The interesting things happen after Line E and I gave the total runtime spent in those lines as reported by the profiler as comments in the source code: Despite having no direct relation to whether I compile as standalone or module, the runtimes for these lines strongly differ. In particular, in my actual application, the additional time spent in those lines in the module makes up for one fourth of the module’s total runtime.
What’s even more weird is that if I remove line C (and D) – which is redundant in the example, as the array’s values are already set (to the same values) in line A (and B) –, the runtime spent in the loop header is reduced from 8998 to 6002 (the other reported runtimes do not change). The same thing happens, if I change int n = 1000;
to int n = 1000 + blur;
, i.e., if I make n
unknown compile time.
This does not make much sense to me and since it has a relevant impact on the runtime, I would like to avoid it.
you have to be very careful when interpreting callgrind profiles. Callgrind gives you the instruction fetch count, so the number of instructions. This is not connected to actual performance on modern cpus, as instructions can have different latencies and throughputs and can be reordered by suitably capable cpus.
Also you are here matching the instruction fetch to the lines the debug symbols associate to them. Those do not correspond exactly, e.g. the module code associates the a register copy and a nop instruction (which are essentially free in terms of runtime compared to the following division) to the loop line the source code, while the standalone module associates it to the line above.
You can see that in the machine code tab when using --dump-instr=yes
in kcachegrind.
This is will have something to do with different registers being available for the two variants due to the different number of function calls that imply spilling stuff onto the stack.
Lets look at the modulo loops to see if there is a significant runtime difference:
400b58: 42 8d 04 3b lea (%rbx,%r15,1),%eax
400b5c: 99 cltd
400b5d: 41 f7 fe idiv %r14d
400b60: 81 fa e7 03 00 00 cmp $0x3e7,%edx
400b66: 89 d3 mov %edx,%ebx
400b68: 7f ee jg 400b58 <main+0x1b8>
4005f0: 8d 04 32 lea (%rdx,%rsi,1),%eax
4005f3: 99 cltd
4005f4: f7 f9 idiv %ecx
4005f6: 81 fa e7 03 00 00 cmp $0x3e7,%edx
4005fc: 7f f2 jg 4005f0 <main+0x140>
the difference is one register to register copy mov %edx,%ebx
(likely again caused by different register pressure due to earlier function calls) this is one of the cheapest operations available in a cpu probably around 1-2 cycles and good throughput, so it should have no measurable effect on the actual wall time. The idiv
instruction is the expensive part, it should be around 20 cycles with poor throughput. So the instruction fetch count here is grossly misleading.
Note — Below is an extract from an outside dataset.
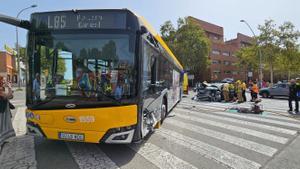 Choque entre un coche y un autobús en la avenida Tarradelles de L’Hospitalet.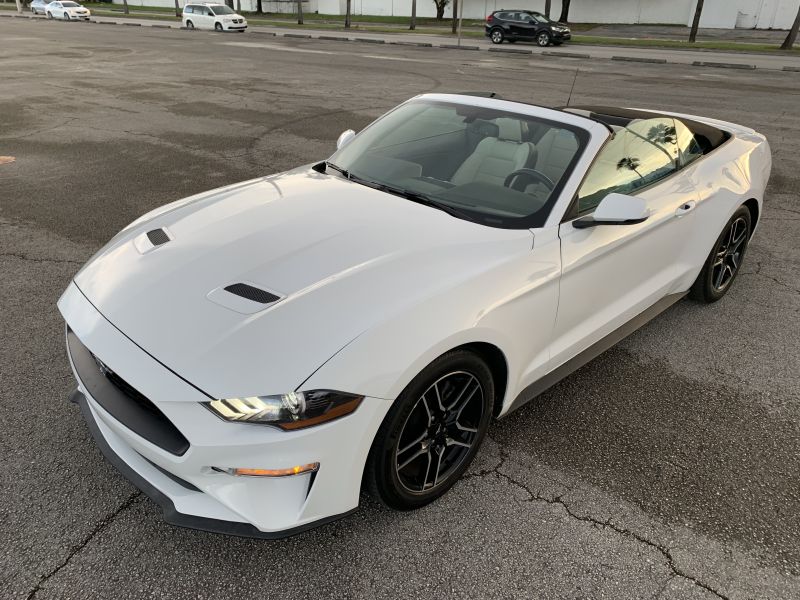 Ford Mustang long-term rental in Miami, Florida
A better tool for such detailed profiling is a sampling profiler like perf record/report
. When you run long enough you will be able to single out instructions that are costing a lot of time, though the actually high sample counts will also then not match up directly with the slow instructions as the cpu may execute later independent instructions in parallel with the slow ones.